What needs to be done: In the listing below, find the line with "genç doktor hap hastalar eliyle tutan" and the line with "2023 Ford F-150 XLT RWD", then return them and every line between them exactly, minus the pictures.
-------- Extracted entries --------
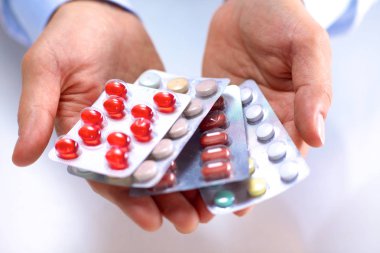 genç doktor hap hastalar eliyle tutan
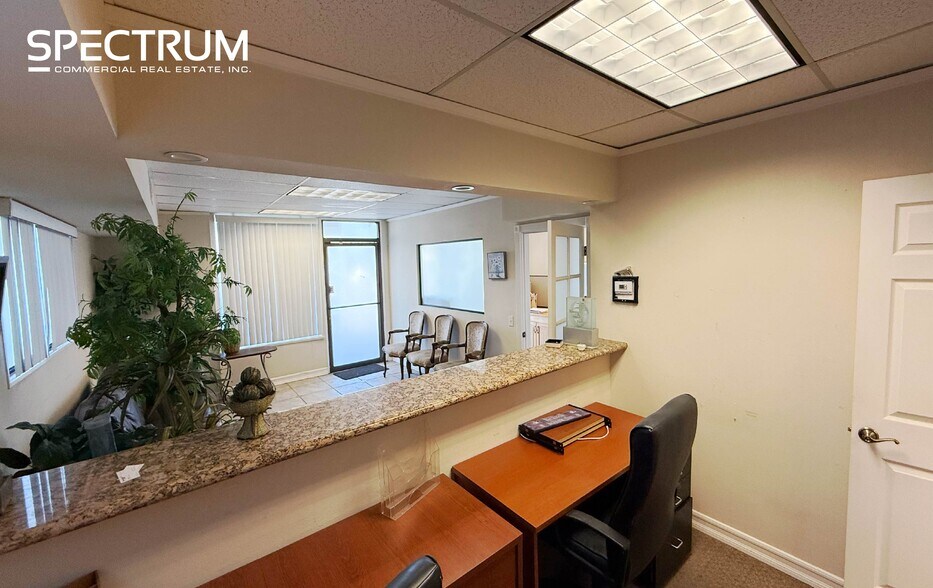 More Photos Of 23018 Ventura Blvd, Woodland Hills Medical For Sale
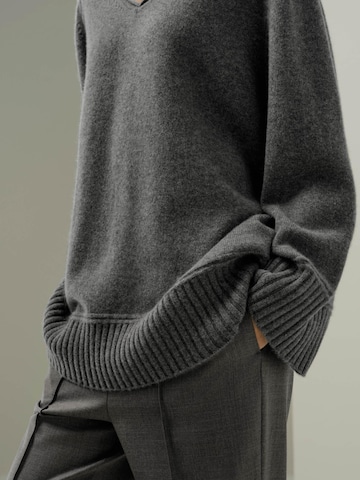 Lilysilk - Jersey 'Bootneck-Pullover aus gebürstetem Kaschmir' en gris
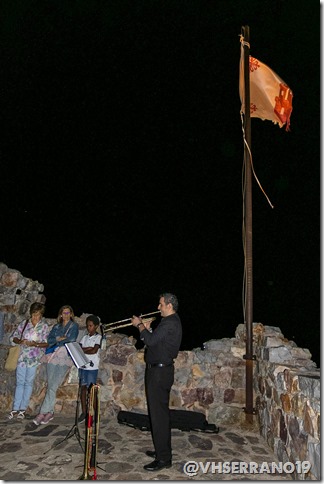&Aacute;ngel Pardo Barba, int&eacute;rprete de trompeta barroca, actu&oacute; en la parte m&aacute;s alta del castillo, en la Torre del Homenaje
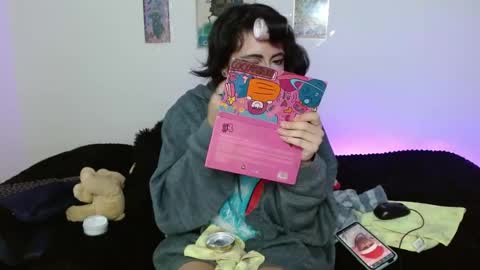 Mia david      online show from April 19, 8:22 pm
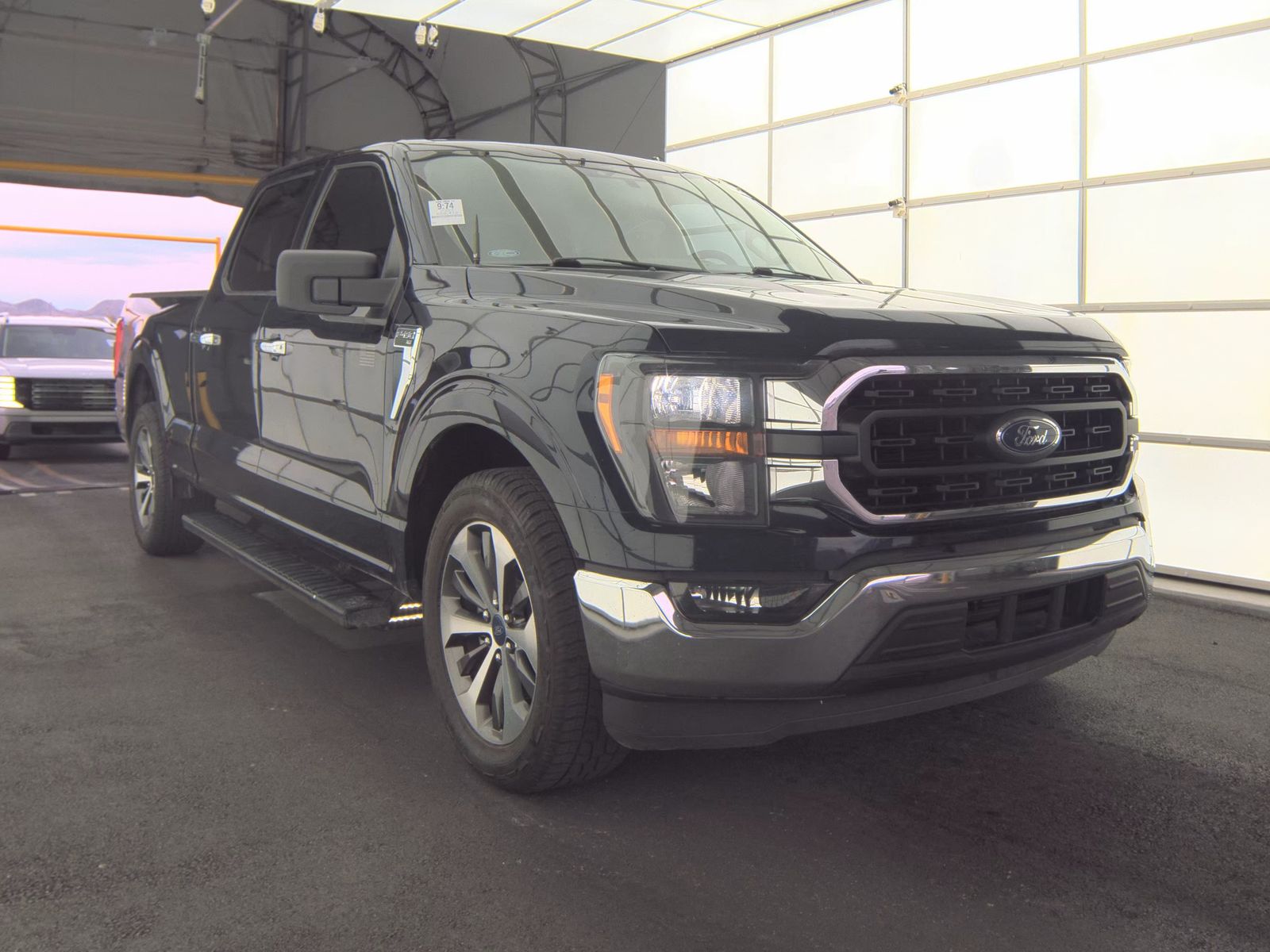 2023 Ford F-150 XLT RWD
--------
-------- Extracted entries --------
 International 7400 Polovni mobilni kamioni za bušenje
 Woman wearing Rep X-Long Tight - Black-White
--------
-------- Extracted entries --------
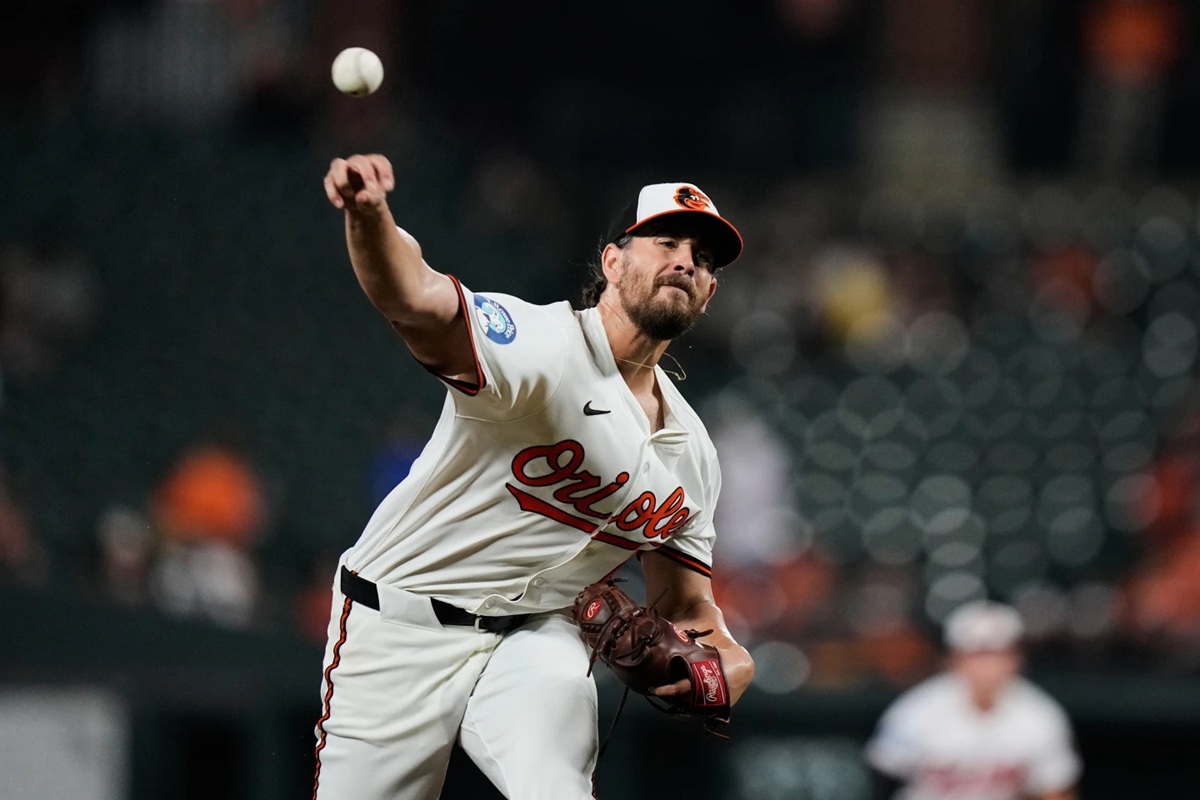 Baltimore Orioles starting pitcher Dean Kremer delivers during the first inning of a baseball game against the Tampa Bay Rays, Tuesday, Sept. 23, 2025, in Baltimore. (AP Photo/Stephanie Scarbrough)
--------
Solution to this task:
 genç doktor hap hastalar eliyle tutan
 More Photos Of 23018 Ventura Blvd, Woodland Hills Medical For Sale
 Lilysilk - Jersey 'Bootneck-Pullover aus gebürstetem Kaschmir' en gris
&Aacute;ngel Pardo Barba, int&eacute;rprete de trompeta barroca, actu&oacute; en la parte m&aacute;s alta del castillo, en la Torre del Homenaje
 Mia david      online show from April 19, 8:22 pm
 2023 Ford F-150 XLT RWD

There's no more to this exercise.